## TASK OBJECTIVE
Return the full listing unchanged, excluding any images it contains.

DATA START

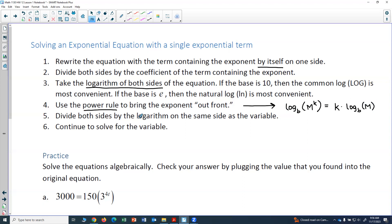Then divide both sides by the logarithm that's on the same side as the variable. You're trying to get the exponent variable term by itself and then continue to solve for the variable.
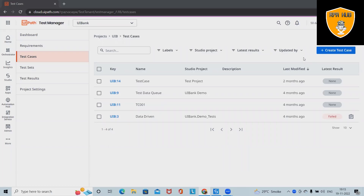Welcome to RP Hub. In this video, we'll discuss UiPath Test Manager. UiPath Test Manager helps organizations manage all of their automated test cases. We'll see in detail a complete overview of UiPath Test Manager.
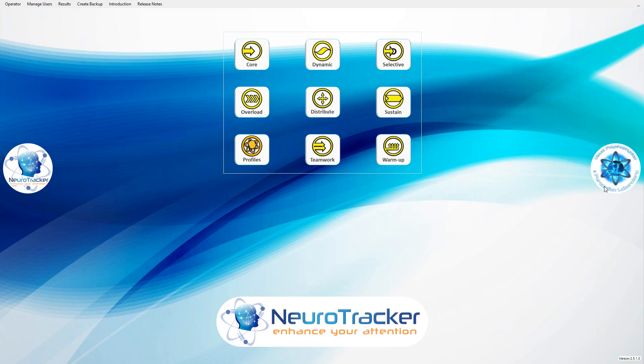This is a Neurotracker tutorial. In this video, you'll learn how to do a selective attention profile.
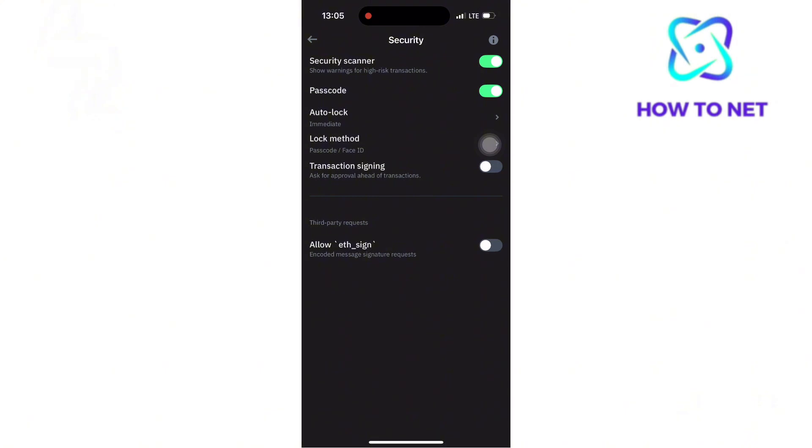There is no direct change passcode option. Simply disable and when enabling the passcode option back, make sure to put a new passcode. That's how easy it is to change your wallet passcode on TrustWallet.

DATA END

## OUTPUT BELOW
Then divide both sides by the logarithm that's on the same side as the variable. You're trying to get the exponent variable term by itself and then continue to solve for the variable.
Welcome to RP Hub. In this video, we'll discuss UiPath Test Manager. UiPath Test Manager helps organizations manage all of their automated test cases. We'll see in detail a complete overview of UiPath Test Manager.
This is a Neurotracker tutorial. In this video, you'll learn how to do a selective attention profile.
There is no direct change passcode option. Simply disable and when enabling the passcode option back, make sure to put a new passcode. That's how easy it is to change your wallet passcode on TrustWallet.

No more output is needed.